Graham and her colleagues searched the pier for other mussels and, the next spring also looked for larvae in the water or adults growing on nearby piers or rocks, but came up empty. No mussels were found actually growing in the lake.
While it’s possible the single “exposure” event brought in the current crop of mussels, “there are probably lots of other such events we don’t know about,”Graham says, also noting that it highlights the importance of the DNR’s consistent reminders that people exercise vigilance when moving any sort of gear from one lake to another.
“I know it’s really easy to get caught up in the excitement of getting a new boat, or getting out on the lake,” she says, “but you still have to pay attention to invasives.” Whether it’s bait buckets, the wheel wells of boat trailers, or the hulls of boats, we need to be better at cleaning gear and checking them for hitchhikers.
And now, Graham, says, people need to be aware that when they move a boat from Lake Mendota to somewhere else they take a chance that zebra mussels are coming with them. The microscopic larvae can survive in any water left in the boat, or hard-shelled stowaways can lurk on hulls and engines.
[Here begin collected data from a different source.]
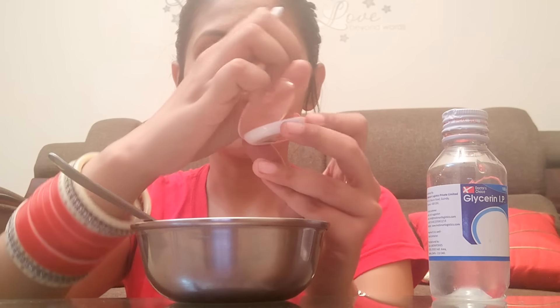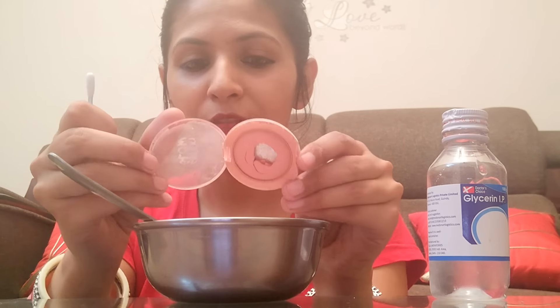We have scraped out some of that broken blush into a bowl. Now we will mash it a little so that it becomes a fine powder. Please don't use your hands — you have to use a clean spoon. As you can see, it is now a fine powder.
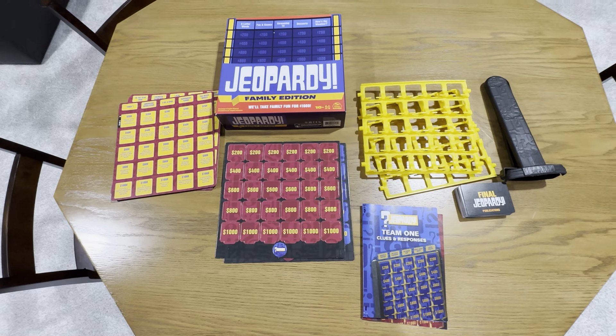We didn't get a chance to play this yet — just unboxed it — but we're looking forward to it. We're real big fans of Jeopardy the TV show and we're really excited to try this out on our next game night. Definitely check out the Jeopardy Family Edition.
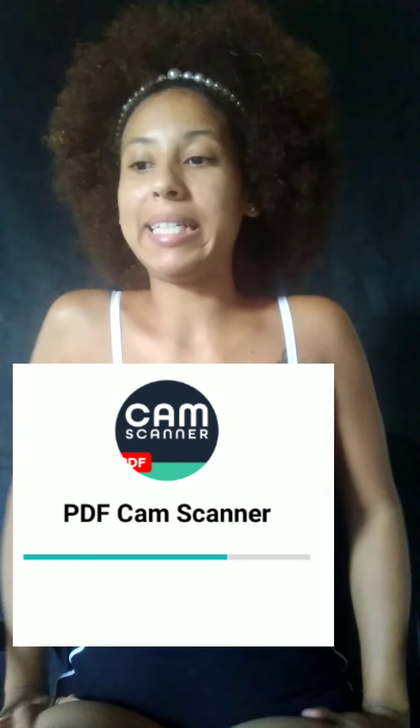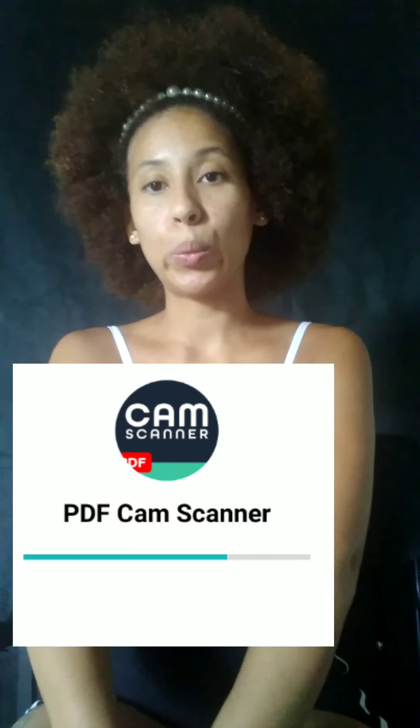Third on my list, I downloaded this app called PDF Cam Photo because I have an Android. I have an iPhone too, but Cam Photo — I'll go into that in a different episode. It just took clear pictures because I have an older iPhone, like an 8 or a 7. I got my iPhone like three years ago.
The take home message is one resource managers and state agencies deliver again and again: Stop moving plants and animals around.
In the meantime, Vander Zanden says, he and his students will continue to take advantage of this mild fall weather and survey as many sites as possible in the Madison lakes, looking for the presence of mussels and any patterns of their distribution. Lakefront homeowners can help as they pull their piers out of the water for the winter by checking for signs of mussels and reporting them to the DNR.
Whatever this newest resident of Lake Mendota brings, Vander Zanden says, it will be interesting to watch how the ecosystem responds. The impacts of a potential population explosion could take many forms, he says. “It’s not necessarily a doom and gloom story, but it certainly knocks the lake in a different direction.”
Where that takes Lake Mendota, we’ll just have to wait and see.